The men's swimming and diving team has won the Colonial Athletic Association title for 12 consecutive years, from 2002 through 2013. The men's tennis team has won the Colonial Athletic Association title twice in the last three years (2009, 2011) by defeating Virginia Commonwealth University. The men's golf team has won nine conference championships: 2004, 2005, 2011, 2012, 2013, 2018, 2019, 2023, and 2026. The women's golf team has won four conference championships: 2007, 2008, 2011, and 2012. UNC Wilmington also captured the men's and women's Colonial Athletic Association soccer titles in 2009.

UNC Wilmington introduced beach volleyball as a sponsored athletics offering in the spring of 2015 and participated in its first competitive season in the spring of 2016. UNCW joined the Coastal Collegiate Sports Association in 2016–17, and has since changed conferences twice—first to the ASUN Conference in 2021–22, and then to the Sun Belt Conference in 2022–23.

===Sammy C. Hawk===

"Sammy" is the official name of UNCW's costumed Seahawk mascot.

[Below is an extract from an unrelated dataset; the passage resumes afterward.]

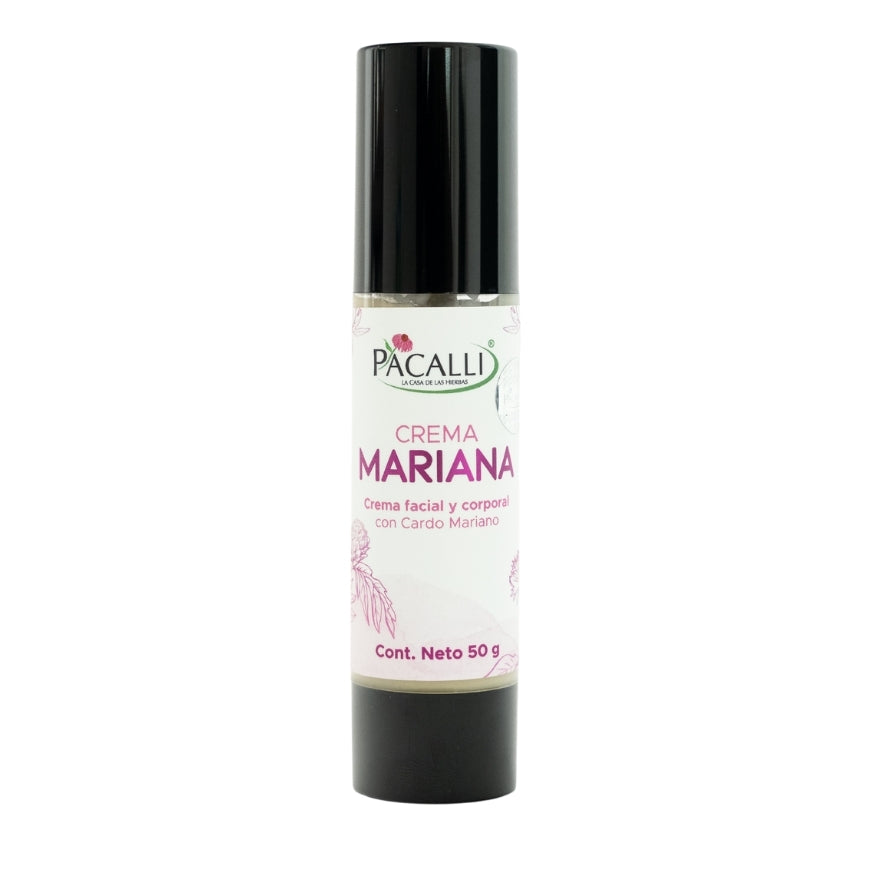 Crema Mariana PACALLI · Crema Facial y Corporal Con Cardo Mariano · 50 g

The name "Sammy" was selected for its gender neutral connotation.

Sammy is a Hebrew name meaning sun child. UNCW's Seahawk is a mythical creature, born from the sun, who lives in the Atlantic Ocean as a fish. During the sports season the Seahawk is able to shapeshift into the form of a bird of prey to feast on the opponents. In order to transmutate Sammy needs the mystical basketball that was left in Wilmington during the "Blizzard" that hit the city in the early part of the 21st century bringing with it 3 championships.

==Off-Campus Housing==

Students at UNC Wilmington have access to a variety of off-campus housing options in the Wilmington area. The proximity of the university to both downtown Wilmington and the beach makes the surrounding neighborhoods popular among the student population.

===Seahawk Cove===

Seahawk Cove is a prominent off-campus student housing community located near the UNCW campus. Designed with students in mind, Seahawk Cove offers a range of apartment-style units and amenities tailored to the needs of college students. The community provides features such as furnished units and social areas. Its location offers convenient access to the university, making it a popular choice among UNCW students seeking off-campus accommodations.